This isn't anything too special, but I sure am enjoying it. Since I bought the dried lavender for this little eye pillow a while ago, I was finally able to get around to spending the 10 minutes that this took. I think it took me longer to choose the fabric. It's just a little pouch full of dried lavender and (uncooked) rice and it stays in the freezer. I take it out when my eyes feel tired and the hint of lavender is awesome. As a matter of fact, I used it last night while laying on the couch after my walk with the dog, and woke up 9 hours later with it laying on my chest. That's a pretty powerful eye pillow. Tuesday's effort:
On Wednesday I knitted. I worked on the scarf I showed you last week. Someone, make it stop. I'm tired of it. I just want to be done with it. but it just goes on and on and on and on and on an- you get it.

This is what I worked on Thursday AND Friday. And I am still only to the point of having the fabric cut and pinned. It is a knitting needle case from the book Warm Fuzzies and I think it's awfully clever. It took a while to choose all the peices, figure out where I wanted them, and cut them to as close to Just Right as I could get. I swear, cutting fabric is my favorite part of sewing, but I will be damned if I can cut a straight line, or actually cut the measurement I mean to cut. I use a ruler, a tape measure, a fabric soluble marker, a rotary cutter, and god knows what else, and I still cant seem to get it right. I swear, I thought i was going to have to call in NASA to cut some fucking sweaters. Nonetheless it's all ready to sew. I hope that my sewing machine is prepared to cope with sewing through three layers of felt. I hope that I am ready for it. Sewing on stretchy fabrics is still sort of tricky for me.

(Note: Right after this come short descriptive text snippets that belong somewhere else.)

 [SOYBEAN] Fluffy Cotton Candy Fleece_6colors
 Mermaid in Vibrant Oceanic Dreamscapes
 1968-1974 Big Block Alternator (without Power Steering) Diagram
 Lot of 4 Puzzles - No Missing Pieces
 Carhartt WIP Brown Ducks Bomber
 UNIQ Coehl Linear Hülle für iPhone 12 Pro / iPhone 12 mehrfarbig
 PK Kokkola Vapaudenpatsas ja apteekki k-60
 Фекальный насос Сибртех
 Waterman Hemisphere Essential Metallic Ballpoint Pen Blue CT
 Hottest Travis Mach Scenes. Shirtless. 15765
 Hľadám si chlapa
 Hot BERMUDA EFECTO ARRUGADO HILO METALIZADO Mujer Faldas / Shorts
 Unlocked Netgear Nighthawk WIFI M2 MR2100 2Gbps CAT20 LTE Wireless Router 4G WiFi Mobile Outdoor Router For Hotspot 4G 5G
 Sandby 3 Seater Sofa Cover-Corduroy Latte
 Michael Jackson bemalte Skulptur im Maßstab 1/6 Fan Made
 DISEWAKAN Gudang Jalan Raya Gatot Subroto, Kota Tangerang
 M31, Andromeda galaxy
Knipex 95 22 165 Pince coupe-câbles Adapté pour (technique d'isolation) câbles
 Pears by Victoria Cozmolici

And here's today's effort. It's a little pouch made from the sleeve of the sweater that is the outside of the needle case. The back is the big band you see above with all the orange stripes. I thought it would be good to toss in the knitting bag too and hold all the little things that HAVE to come along with you when you take a knitting or stitching project somewhere. The fun thing of all this knitting accessorization is that both of these things match the bag that has just been designated my knitting bag. Amazing, huh? It's a wool camel colored tote with orange lining, and I love it. It was my Designated Carry On for a while, but now i have a bag I like better for that. I think that no matter how hard I try to quit them, bags just find a way into my life. I have loved them since I was a little girl, and I guess I just always will. I try to fight it once in a while and donate a box or two (!!!) of them, but if five leave the house, seven more show up in their place. It's maddening.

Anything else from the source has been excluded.